James Haywood’s Erreur 404 replaces traditional concrete with blast-furnace slag and construction debris. In his workshop in the south of France, this former aerospace engineer creates brutalist lamps that are simultaneously familiar (think totems, hydrothermal chimneys, or organ pipes) and futuristic.
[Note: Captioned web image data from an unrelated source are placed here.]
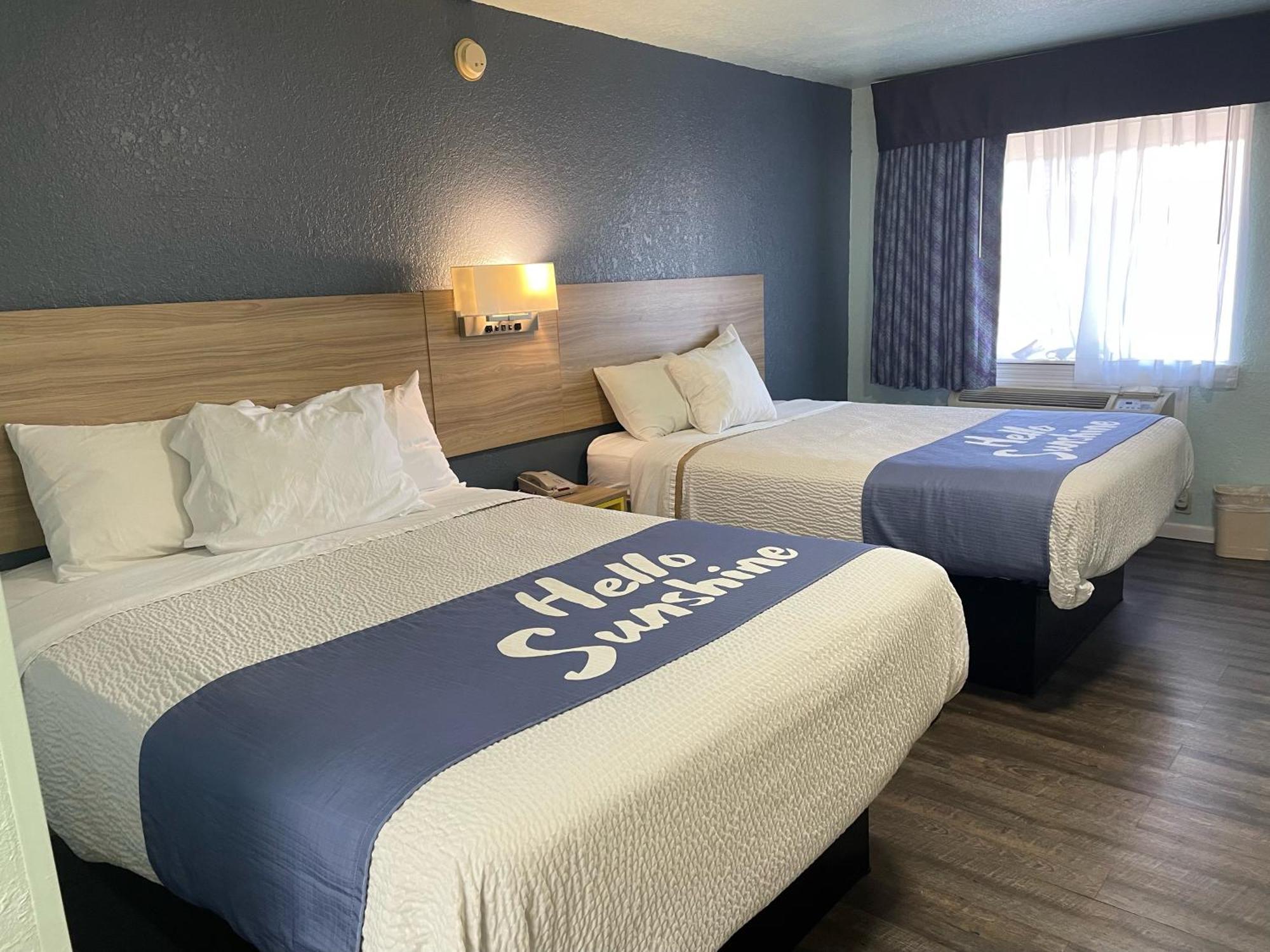Days Inn By Wyndham Pratt Extérieur photo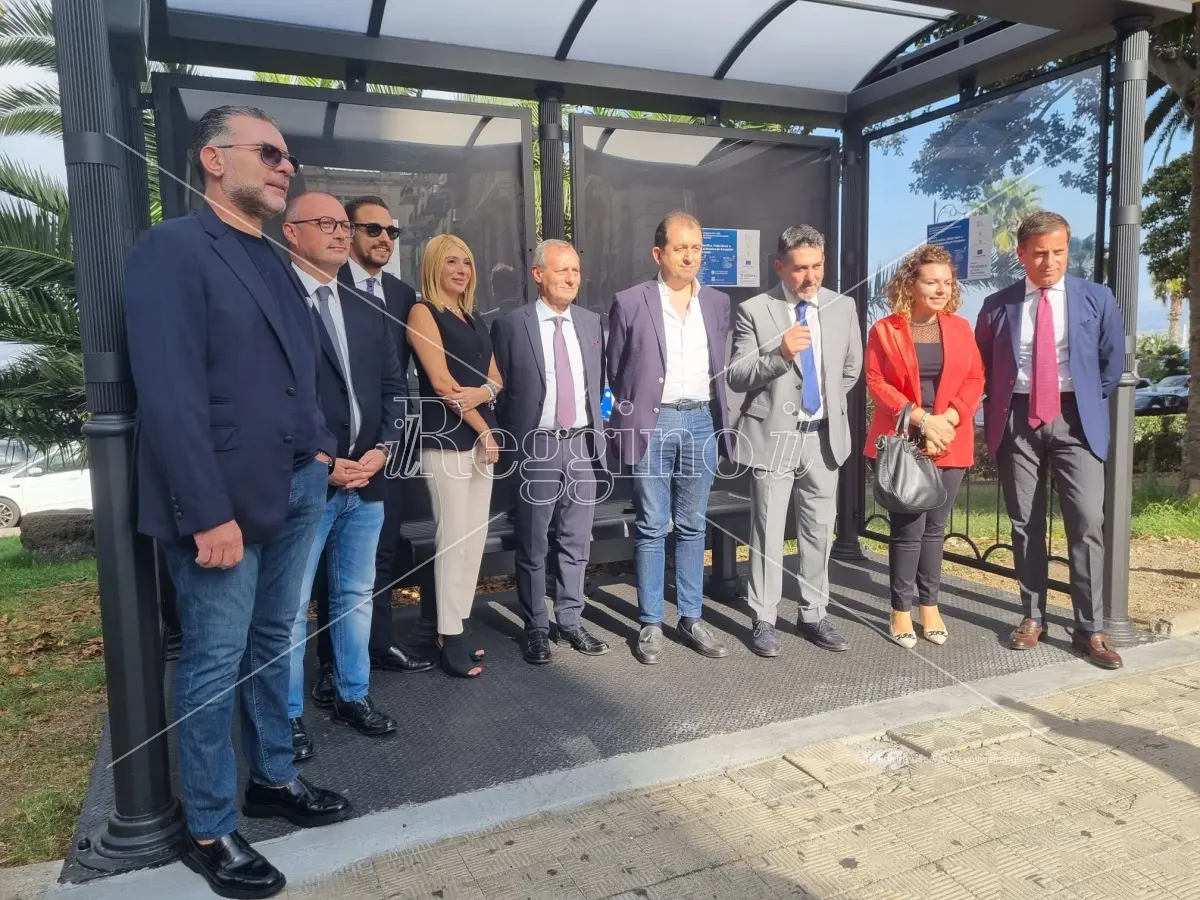 Mobilità urbana a Reggio, più informazione e comfort con paline e pensiline di ultima generazione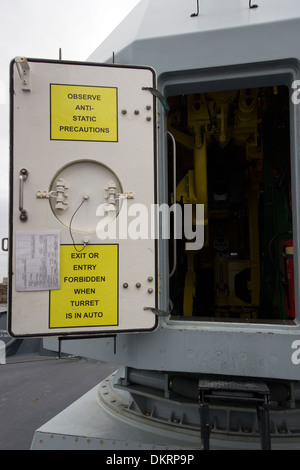 Sécurité anti-statique tourelle Panneau d'avertissement à bord du HMS Defender Pennant D36 Type 45 Destroyer Banque D'Images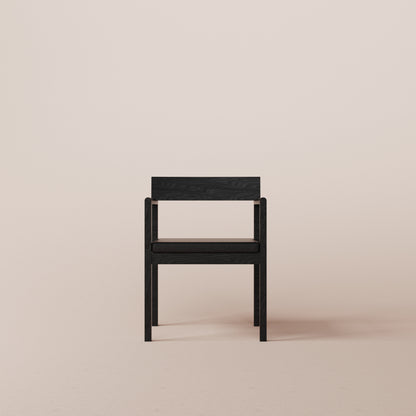 SLOT CHAIR
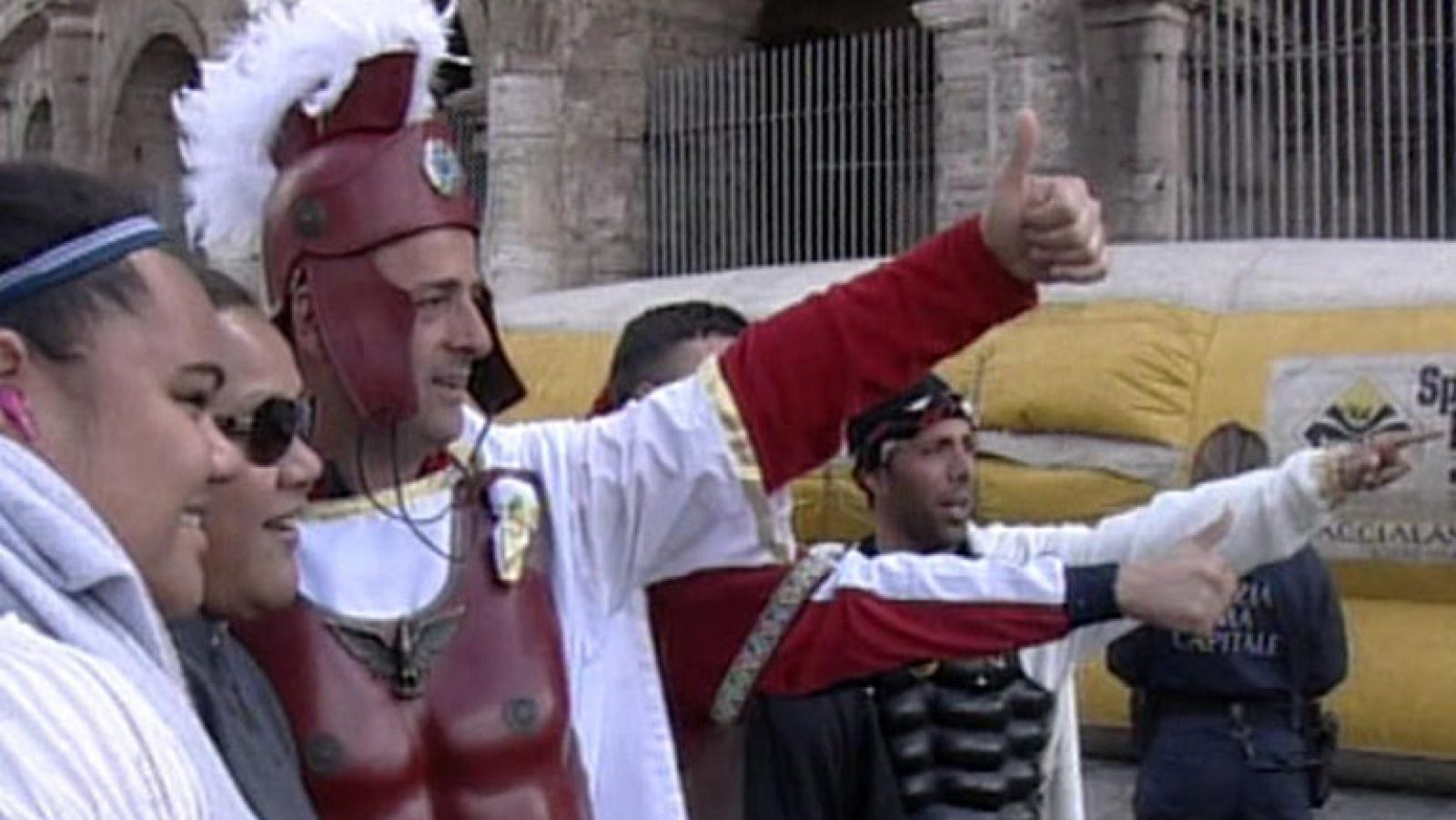 El ayuntamiento de Roma prohíbe a los centuriones que se fotografíen con los turistas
Lighting within the Melitosfex installation by Madeleine Oltra and Angelo de Taine, Design Parade Toulon

Meanwhile, at Design Parade Toulon, last year’s prize-winners and members of this year’s jury, Madeleine Oltra and Angelo de Taine, reference the inner world of a beehive for Melitosfex, which the creative duo envisioned as being “the Queen Bee's secret chambers.” Working with yellow brass across the installation's furniture and lighting fixtures, the designers seek to mimic the precious honey produced by these equally precious bees.

Tegula by Joséphine Balayn at Design Parade Toulon

Le Jardin secret de Bleu Chardon by Paul Bonlarron at Design Parade Toulon

Architect Joséphine Balayn transports guests into a patio of Provençal tiles and antique columns with Tegula, which translates to tile in Latin. The architect, who graduated from École Bleue and then moved on to RF Studio, chose old tiles for their coral hues and imperfect terracotta variations, creating an antique-like peristyle that surrounds a pool. In an effort to totally transport viewers, she finished the vignette with sounds of water and insects, as well as aromatics of immortelle and sage.

Last year’s winner of the National Furniture Prize, Paul Bonlarron, employs mise en abyme on a cabinet aux mirages, a Renaissance cabinet of secrets. Placed in the center of the room, his cabinet conceals 1,001 drawers and compartments. In a psychological twist, Bonlarron creates identical niches along installation walls as though to make visitors feel they are wandering within the maze-like cabinet.

Design Parade Toulon, exhibitions on view through November 5, 2023.Design Parade Hyères, exhibitions on view through September 3, 2023.